0

I have a simple table layout as per below:

<table>
  <tr>
    <td>1</td>
    <td>2</td>
  </tr>
  <tr>
    <td>3</td>
    <td>4</td>
  </tr>
  <tr>
    <td>5</td>
    <td>6</td>
  </tr>
</table>

And the following CSS:

table td:nth-child(1),
table tr:nth-child(1) {
  font-weight: bold;
}

The first column is bolded but the first row remains as normal text. I don't want to use headers as TinyMCE in Wordpress creates tables automatically in the above format so I'd rather just stick with that rather than then have to change the HTML.

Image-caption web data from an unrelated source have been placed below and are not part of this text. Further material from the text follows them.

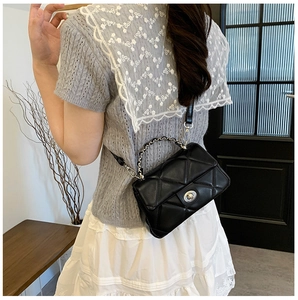 Detail of black quilted leather shoulder bag with silver turn-lock and chain handle
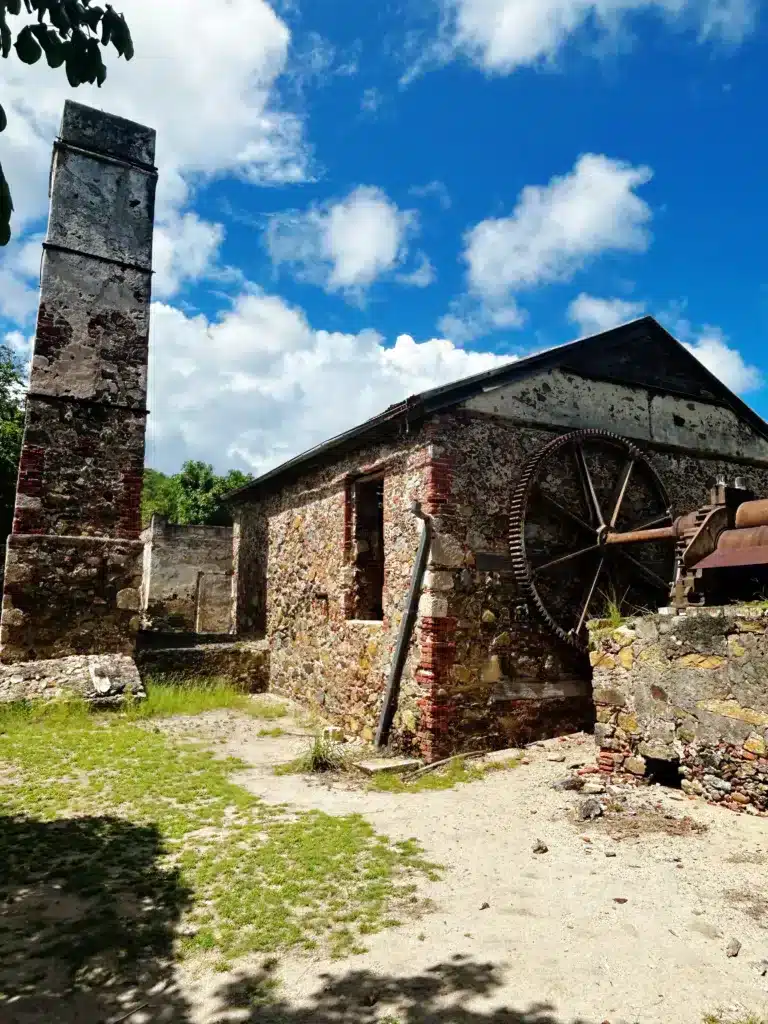 Old stone building with a large wheel mounted on one wall, a tall chimney, and remnants of brick structures around it, surrounded by greenery under a blue sky with scattered clouds.
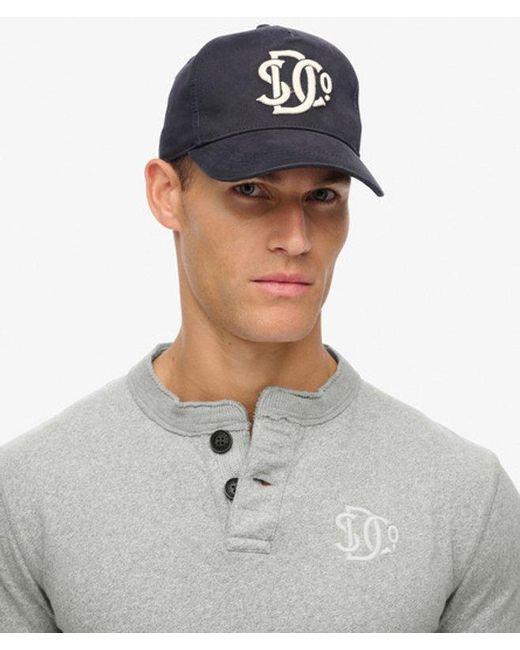 Superdry Blue & Co The Merchant Store - Monogram Trucker Cap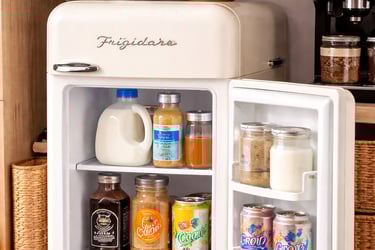 Open Frigidaire retro mini fridge stocked with beverages and milk in a home coffee station.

Incidentally, the following does work so I assume there is no issue using "tr:nth-child(n)"

tbody tr:nth-child(odd) {
  background: #eee;
}

Would appreciate your help.

2
  • 2
    Sorry, this is generic CSS and are better asked over at Stack Overflow which deals specifically with these issues ;-) Sep 12, 2015 at 8:55
  • @PieterGoosen Styling the default TinyMCE table imo is in scope.
    – kaiser
    Sep 12, 2015 at 10:06

2 Answers 2

0

After much frustration I realised that the issue is the fact that you need ultimately to specify what you do with the cell in the nth row, hence the correct code is:

table td:nth-child(1),
table tr:nth-child(1) td {
  font-weight: bold;
}

Putting this up as the answer as there are a lot of sources that use the header to style the top row but don't stipulate what needs to be done if you have a table layout without a header.

-2
table:nth-child(1),
table tr:nth-child(1) {
  font-weight: bold;
}
2
  • 1
    Please clean up you code and explain what all of this means. Simply dumping code as an answer as just as useless as link only answers :-) Sep 12, 2015 at 8:56
  • The nth-child selector isn't supported in older browsers and might not work.